Heatmap has an elusive quality, as if the musicians want to stay one step ahead of the listener and avoid anything obvious. It’s a high-wire act not easily achieved, but the quartet succeeds admirably. Feels range from structured, with distinct soloists, to full-on group improvisation. Rhythms flow from pulse to groove to free.
Heatmap is the third album by Curtis, 36, out of Ann Arbor, Michigan. He mines his horn for myriad avenues of expression, frequently zagging when you expect him to zig. His tone roams all over the map: torqued and astringent on the helter-skelter “Splinters,” fragile and melancholy on “Trees for the Forest,” taut and serrated on the Ornette-ish “Surrounding.” In certain instances, his phrasing is unhurried and full of space; in others, it comes in quick stabs and darts, and elsewhere it’s so frenetic that it borders on unhinged — as on “Trembling.”

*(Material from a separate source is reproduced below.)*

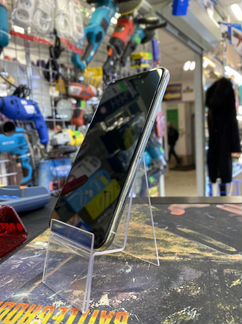 Телефон iPhone X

Evans’ piano work is more jagged and dissonant than when he sits in the leader’s chair; clearly, he enjoys the boundary-pushing environment. Cleaver masterfully delivers whatever is called for, but is at his best when he turns it up to volcanic.
Heatmap sags on three of its slow pieces — “Limestone,” “Trees for the Forest” and “Whisperchant” — which fail to deliver a coherent statement and therefore border on inert. The music is most effective when the band artfully pokes and probes until it reaches full boil.